"Give me more of that thing that you call love!" – Klingt gar nicht so scheiße!

Okaaay, wer viel Radio hört, dem hängt das Lied „Was du Liebe nennst“ von Bausa wahrscheinlich schon aus den Ohren raus. Aber diese Version habt ihr sicher noch nicht gehört! Die polnische Künstlerin Gia Koka hat Bausas Radio-Wunderhit nämlich auf Englisch gecovert … und das klingt eigentlich ziemlich nice.

Sonst rechnet die Künstlerin in ihrem aktuellen Song „ASAP feat. Danny Seth“ brutal ehrlich mit ihrer Vergangenheit ab. Vom Stil her ähneln sich die beiden, deshalb passt es! Und vielleicht auch, weil der Beat in unserem Unterbewusstsein so eingeschlagen hat, dass wir automatisch mitsummen müssen.

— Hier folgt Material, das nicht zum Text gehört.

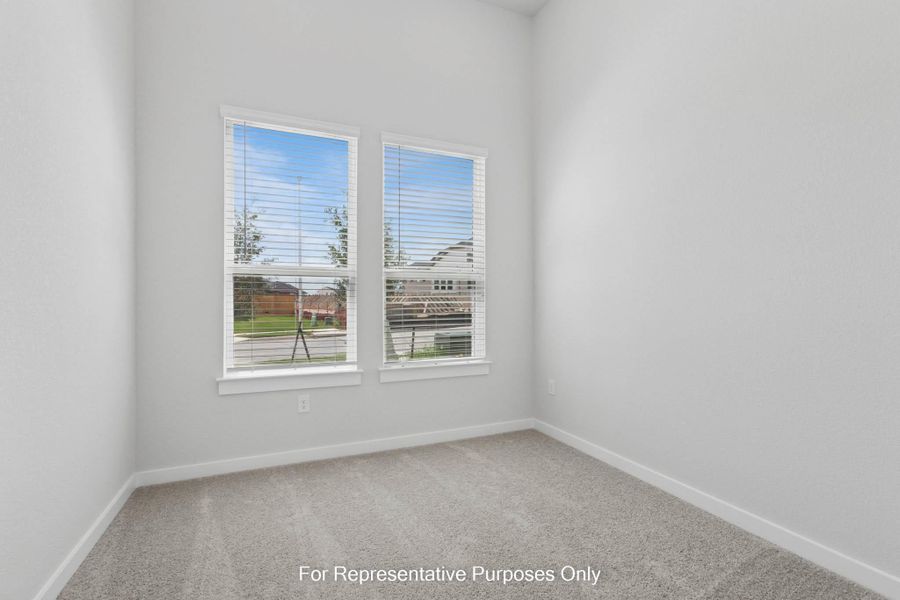 Spacious, unfurnished interior of a new home in Cedar Brook, Leander (Image 9).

Welche Songs haben’s noch geschafft?

Grundsätzlich haben es deutsche Songs auf dem internationalen Musikmarkt ja besonders schwer: Die Toast-Brot Amis und die Teebeutel-Briten bequemen sich eher selten von ihrem Muttersprachler-Thron. Während wir seit frühsten Kindertagen mit Übersetzer und Booklet, in dem die Lyrics stehen, vor dem CD-Player saßen, um verstehen zu können, was Britney, Christina, Katy Perry und Co. uns in Songs wie „Lucky“ oder „Peacock “ eigentlich sagen wollen, schaffen es deutsche Musiker in den seltensten Fällen überhaupt in die ausländischen Charts.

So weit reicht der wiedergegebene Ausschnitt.